Quantile regression, self-training, and conformal prediction aren’t three independent experiments. They form a chain:

  1. Quantile gives per-domain intervals that capture model uncertainty.
  2. Self-training uses those intervals to select confident pseudo-labels from the unlabeled pool. Null result: the labeled set was sufficient.
  3. Conformal validates the quantile intervals. Reveals calibration is off in different directions for different targets.

The narrative is: I built a pipeline of increasingly sophisticated uncertainty quantification, where each technique informed the next. The final lookup table has per-domain intervals and confidence flags because of this chain.


The hardest part of an ML project is the data, not the model. More than half the total project time went into BigQuery exploration, ground truth construction, and label debugging. The fake-0 problem, the Lighthouse audit name changes, the Disconnect suffix matching, each was a full investigation that shaped the final pipeline. XGBoost training was an afternoon. The data work was weeks.

Design decisions compound. Choosing per-domain scoring (instead of per-request) meant the lookup table worked as a delivery mechanism. Choosing independent models per target meant I could drop render_delay without restructuring. Choosing regression (instead of classification) meant the downstream UI could threshold at any level. Each early decision created or foreclosed options downstream. The ones I got right weren’t the clever ones; they were the ones that preserved flexibility.

Negative results require the same rigor as positive ones. Self-training’s +0.000 improvement needed the same evaluation pipeline as the main model. Render_delay’s sparsity needed the same BigQuery exploration as the other targets. The temptation is to move quickly past things that didn’t work. But the null results (self-training doesn’t help, render-blocking isn’t a tracker problem, Disconnect categories don’t predict performance) are some of the most interesting findings.

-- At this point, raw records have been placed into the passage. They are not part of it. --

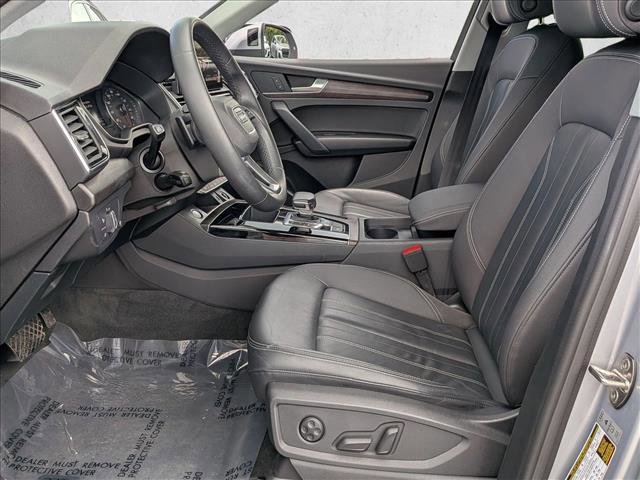 Certified 2023 Audi Q5 2.0T Premium w/ Convenience Package AWD/4WD image 17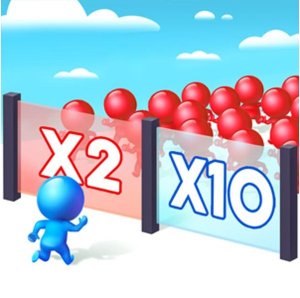 Stickman Group Strategy Challenge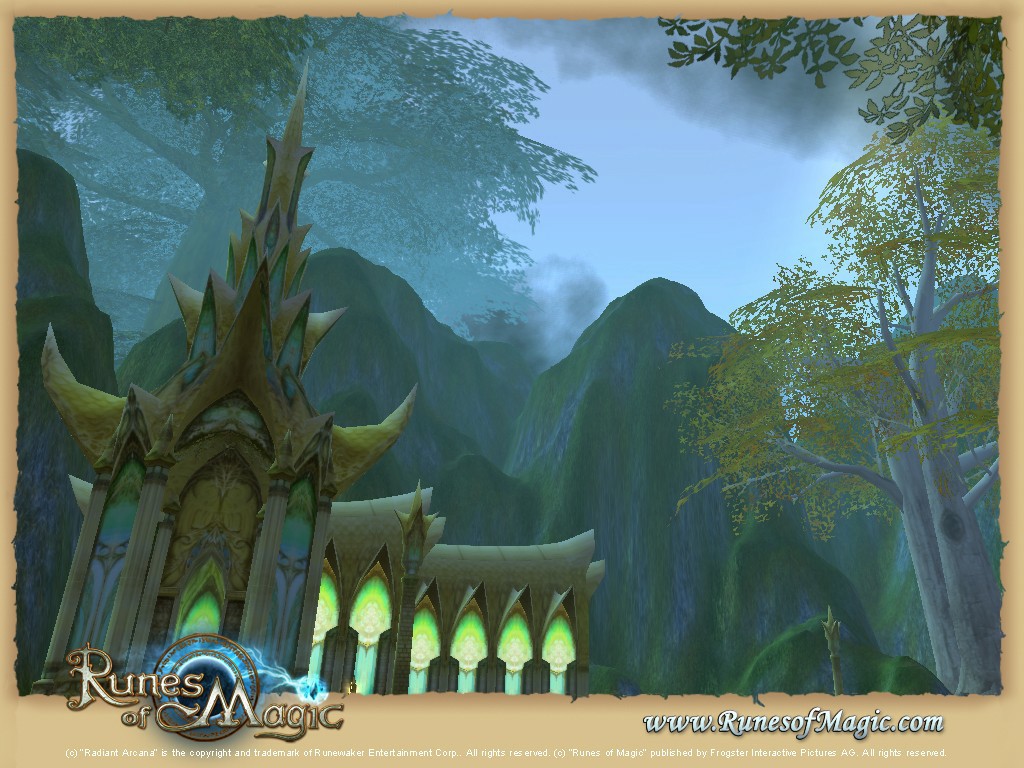 Runes of Magic - Imagen 33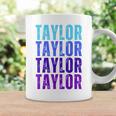 Taylor Personalized Name I Love Taylor Coffee Mug Gifts ideas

Know when to stop. The model achieves rho=0.751 for CPU and 0.999 for network. CPU could theoretically improve with better features: Lighthouse data at inference time, or features derived from script AST analysis. But the marginal effort for the next 0.05 rho would be enormous, and 0.751 is probably good enough for a lookup table that distinguishes “expensive” from “cheap.” The 125KB JSON file covers all 4,592 Disconnect domains with calibrated uncertainty. Whether the uncertainty calibration is tight enough for user-facing messaging is the main thing I’d want to validate next.